- Title card
- Directed by: Gokula Krishnan
- Written by: Gokula Krishnan
- Produced by: Raadhika Reddy
- Starring: Karthik; Soundarya;
- Cinematography: Jayanan Vincent
- Edited by: T. R. Shekar K. R. Gowrishankar
- Music by: Ilaiyaraaja
- Production company: Shri Arkay Film Makers
- Release date: 24 February 1995;
- Running time: 145 minutes
- Country: India
- Language: Tamil

= Muthu Kalai =

Muthu Kalai is a 1995 Indian Tamil-language film written and directed by Gokula Krishnan. The film stars Karthik and Soundarya. It was released on 24 February 1995.

== Plot ==

The film begins with Poochi announcing bad news to Muthu Kaalai. Muthu Kaalai first refuses to see Poonjolai in her deathbed, but he finally accepts.

In the past, Poonjolai was from a rich family in her village, while Muthu Kaalai was a poor herdsman who worked for Raakayi. Since their first meeting, Poonjolai hated him and put him in a lot of troubles. Muthu Kaalai wanted to marry Poonjolai, but her uncles Sakthivel, Sangaiah, and Rathnavel were determined to wipe out his wish.

Later, they unite

== Soundtrack ==
The music was composed by Ilaiyaraaja, with lyrics written by Vaali.
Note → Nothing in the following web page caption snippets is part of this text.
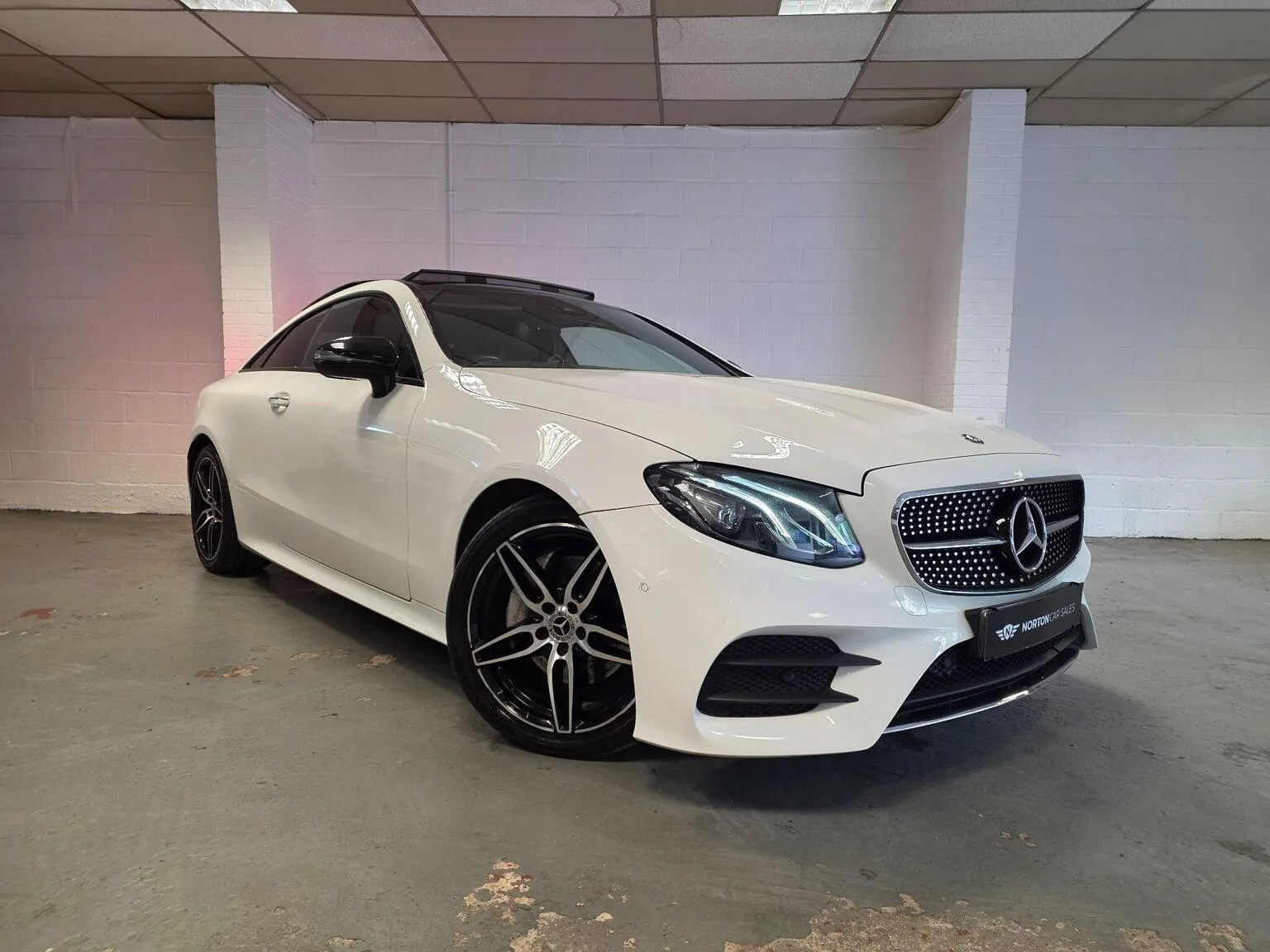 2017 Mercedes-Benz E Class 2.0 E220d AMG Line (Premium) G-Tronic+ Euro 6 (s/s) 2dr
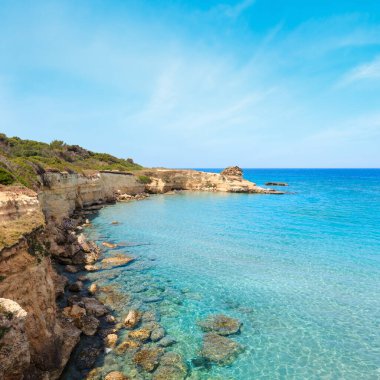 Beyaz kayalık uçurum, deniz defne, adacıkları ve faraglioni Spiaggia della Punticeddha plajda,: Salento Adriyatik Denizi kıyısında, Puglia, İtalya ile pitoresk deniz manzarası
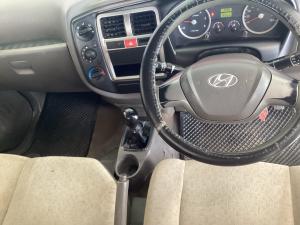 Hyundai H-100 Bakkie 2.6D chassis cab - Image 6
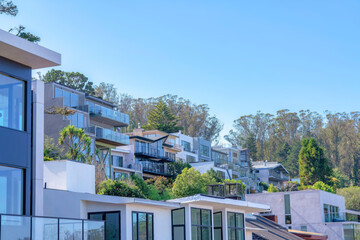 Fototapeta na wymiar Large modern houses on a slope at San Francisco, California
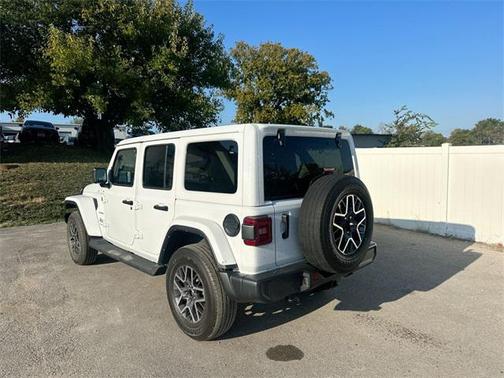 2024 Jeep Wrangler 4-Door Sahara 4x4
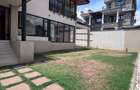 4 Bed House with En Suite in Membley - 18
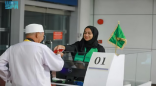 مغادرة أولى رحلات المستفيدين من مبادرة “طريق مكة” من ماليزيا متجهة إلى المملكة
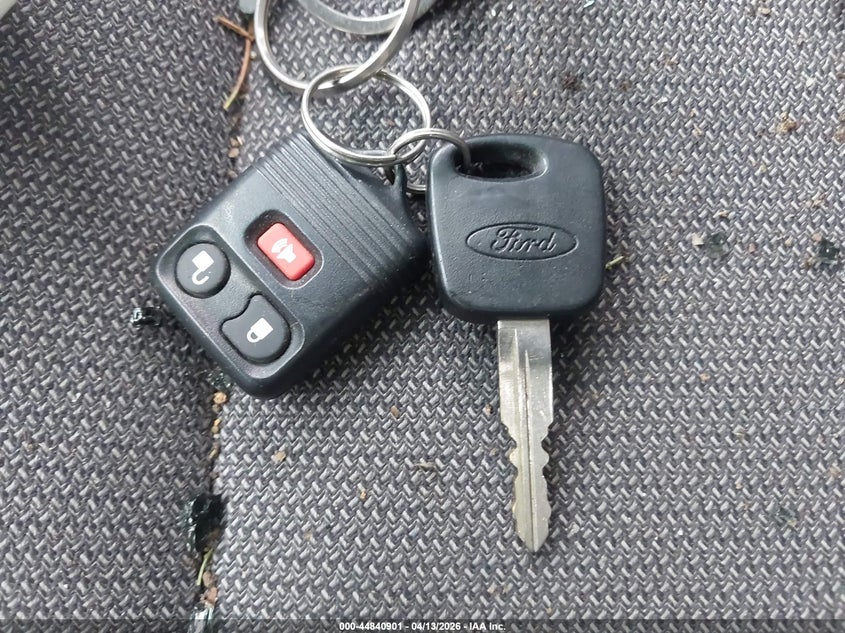 2002 Ford Escape Xlt VIN: 1FMCU041X2KB00422 Lot: 44840901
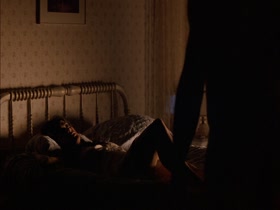 Salma Hayek in Ask the Dust (2006) 9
| Song | Singer(s) | Duration |
|---|---|---|
| "Antha Kanji Kalaiyatha" | S. P. Balasubrahmanyam, S. Janaki | 5:06 |
| "Engey Vaippaaru" | S. P. Balasubrahmanyam, S. Janaki | 4:52 |
| "Ereduthu Ereduthu" | S. P. Balasubrahmanyam, Manorama | 4:38 |
| "Nalla Kaaram Pasu" | S. P. Balasubrahmanyam | 4:29 |
| "Punnai Vanathu Kuyile" | S. P. Balasubrahmanyam, S. Janaki | 4:59 |

== Reception ==
K. Vijayan of New Straits Times stated, "Good acting, characterisation and the director's skills at telling a run-of-the-mill story make this in an above-average movie".